The example above is quite simple, but it has proved that such a simulator can serve system studies. More advanced topics are possible. Sampling intensity is an interesting question, since it decides the number of transceivers, thus the cost of the system in practice. In [5], based on a lot of measurement results, it is commented that the sampling step does not need to strictly follow the Nyquist sampling criteria when a high-gain antenna is applied. We have simulated the experiments by the simulator. Since experiments are implemented in the anechoic chamber, the reflectivity of the background is simply defined to be zero in the simulations. Various sampling steps have been studied, from half a wavelength to ten wavelengths, with half a wavelength as the increment.
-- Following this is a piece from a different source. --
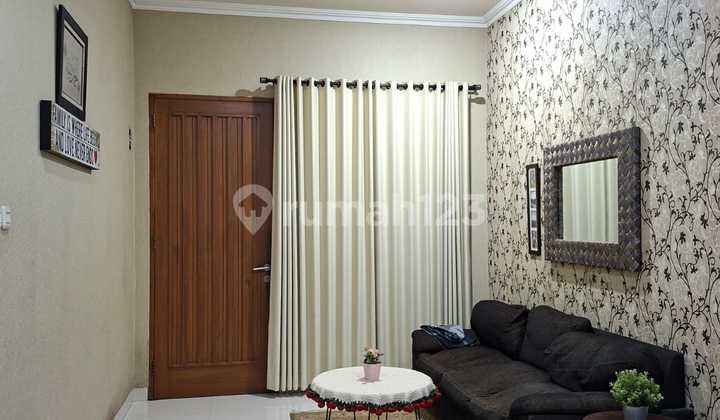 Rumah 2 Lantai Siap Huni di Cluster Graha Raya Dekat Transmart Graha Rumah 2 Lantai Siap Huni di Cluster Graha Raya Dekat Transmart Graha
Figure 3 illustrates how the image quality changes as the sampling step becomes larger. In Fig. 3(a), the Nyquist sampling criteria is satisfied and the object is very clear. When the sampling step is one wavelength, the Nyquist sampling criteria is violated. However, as shown in Fig. 3(b), the difference with the reconstructed image in Fig. 3(a) is not visible. When the sampling step becomes as large as 3.5 wavelengths, the reconstructed image becomes blurred, but the reconstructed image of the object is still quite acceptable in Fig. 3(c), although no interpolation is implemented. The bright lines around the central region of the gun correspond to aliasing due to the spectrum overlap introduced by high spatial-frequency components. Since the shape of the object in [5] is quite simple, the reconstructed image is not very sensitive to the sampling step. So by using a high-gain antenna, a relatively large sampling step is not that fatal. Consequently, sampling criteria can be loosened. So the conclusions that we draw from our simulation-based studies and the results obtained from the experimental studies converge.

 figure: Fig. 3

Fig. 3 Influence of sampling step on imaging results; upper row: amplitude of simulated sampling data; bottom row: reconstructed images; (a) 0.5 lambda; (b) 1 lambda; (c) 3.5 lambda.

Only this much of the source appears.